Pensate che anche Margherita Legnani, sempre nel Medioevo, teneva nella stessa Università, ma come giurista, delle vere e proprie disquisizioni accademiche pubbliche. Anche per lei gli studenti affollavano a tal punto l’aula, da costringerla a insegnare affacciata ad una finestra, prospiciente una piazza gremita, come se si trattasse di una tribuna. C’era quasi un intendimento registico, quasi una messa in scena nella stessa lezione. Che spettacolo, ve la immaginate Margherita?
Dorotea Bucca insegnò per ben 46 anni, non è incredibile?
Dorotea “esercitò tale ufficio con suo grande onore e con soddisfazione di tutta la città e a udir lei concorrevano molti scolari d’ogni nazione, cosa veramente rara e degna d’esser notata e ammirata”, e quando morì nel 1436, a quasi ottant’anni, era a dir poco venerata dai suoi studenti.
Quando penso a Dorotea, così come a Trotula, a Margherita, a Bettisia, mi stupisce come le loro carriere siano state prive di ostacoli. Sì certo, c’era anche Novella d’Andrea che, quando insegnava, doveva leggere dietro un sipario che la separava dagli studenti, affinché non venissero distratti dalla sua avvenenza. Ma tutte alla fine insegnarono a uno stuolo di discenti.

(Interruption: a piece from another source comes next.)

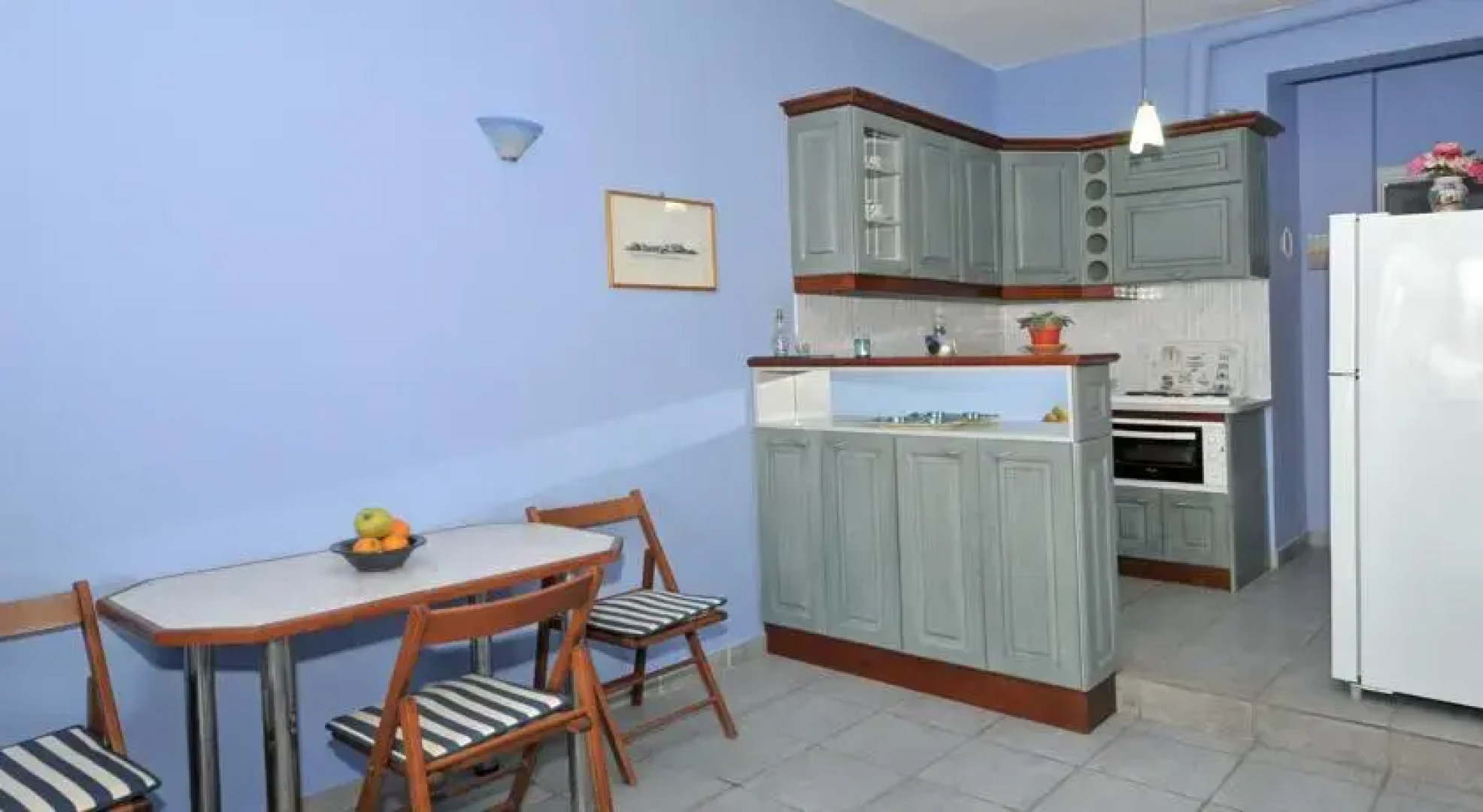 Varda Maria Appartments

Ci s’immagina, guardando alla storia e soprattutto alla storia moderna, incredibili battaglie e sacrifici per poter raggiungere quelle vette. Invece bastò loro studiare. Bastò che fosse loro data la possibilità di mostrare quello che sapevano fare bene. Poi venne premiato il loro merito. Nessuna delle due fu una femminista ante litteram, anche se la loro vita è un esempio di femminismo in piena regola, ma nei loro rispettivi cinquant’anni di insegnamento lavorarono serenamente, senza sgomitare e nel pieno rispetto dei colleghi e degli allievi. Resta però il fatto, come accade per noi donne quasi sempre dimenticate, che benché fosse una figura pubblica di spicco a Bologna, di Dorotea Bucca sappiamo molto meno di altri suoi colleghi meno illustri poiché, essendo una donna, nessuno dei suoi contemporanei, pur riconoscendone l’autorità e l’importanza, si è preso la briga di raccontarne la vita. E spiace pensare che nemmeno uno dei suoi scritti è giunto sino a noi.

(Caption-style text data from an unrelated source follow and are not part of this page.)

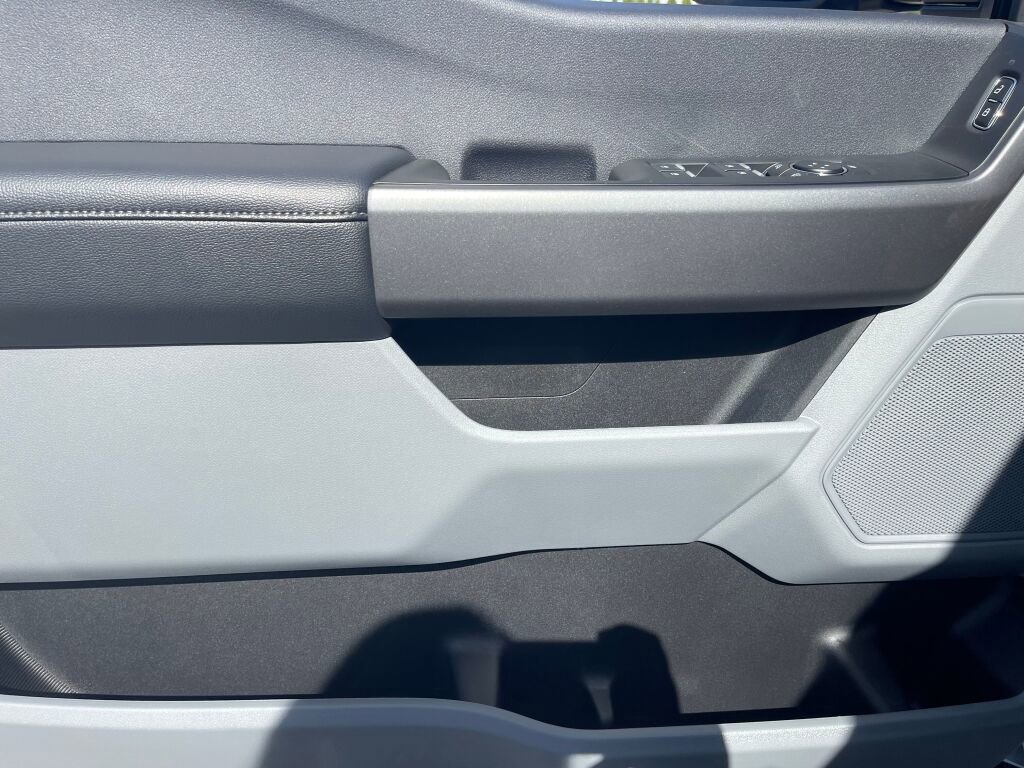 New 2026 Ford F250 XL w/ STX Appearance Package image 7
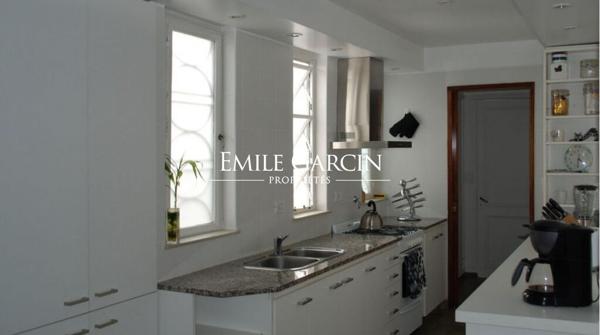 Appartement La Francia 4 pièce(s) 256 m2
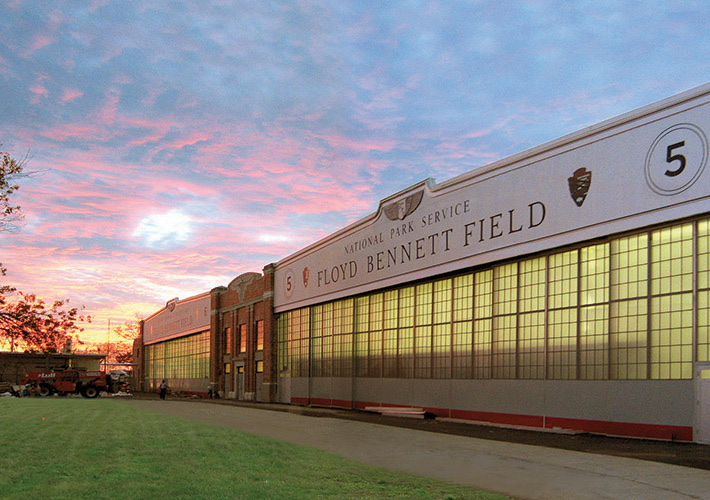 Aviator Sports & Events Center - Photo 2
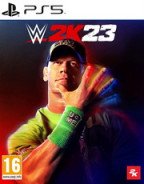 WWE 2K23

E stupisce alquanto che appaia nel noto libro di Giovanni Boccaccio “Delle donne illustri”. Non tanto perché non fosse illustre, ma perché Dorotea visse dal 1360 al 1436 mentre Boccaccio è vissuto tra il 1313 e il 1375. La medichessa, che aveva quindi appena quindici anni quando morì Boccaccio, venne infatti inserita nell’edizione del libro dai curatori successivi.

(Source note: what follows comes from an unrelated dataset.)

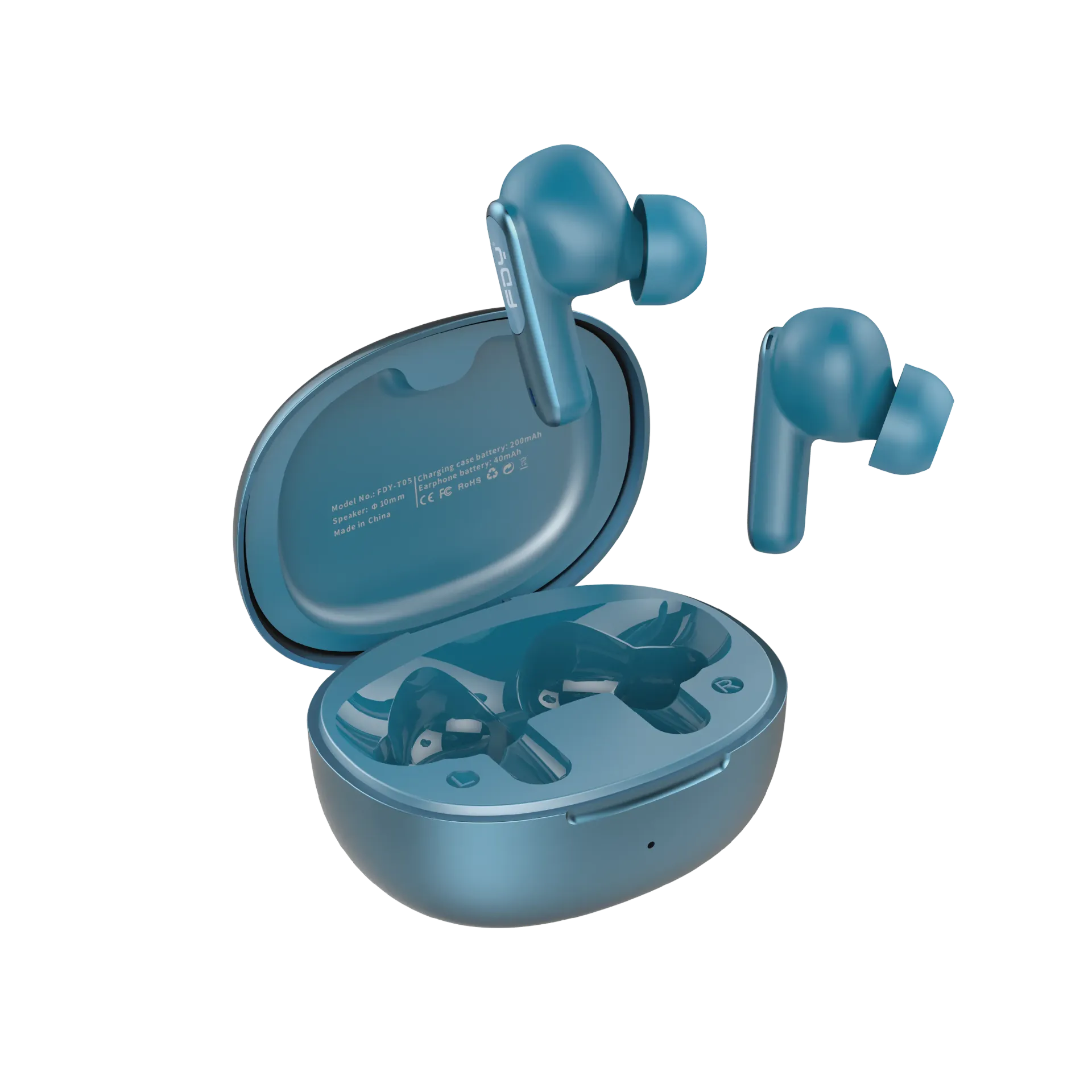 T05 / Bluetooth headset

Dorotea Bucca è la testimone per eccellenza di quell’esercito silenzioso di donne che, nel corso dei secoli, hanno contribuito al sapere scientifico e culturale della società facendo crescere l’emancipazione femminile, non attraverso atti eroici ma nella loro quotidianità; senza lasciare una memoria perché il mondo maschile ha sì loro permesso d’esercitare, ma ha negato loro un vero riconoscimento ai posteri. Donne che con le loro eccellenti, capacità e competenze hanno dato un fondamentale contributo a rendere “normale” ciò che un tempo, che ancor oggi perdura in moltissimi campi e moltissime menti, sembrava inaudito.
Donne che andremo questa estate a incontrare alla Certosa di Bologna, con un bellissimo racconto itinerante organizzato da Sentieri Sterrati. (R.F.)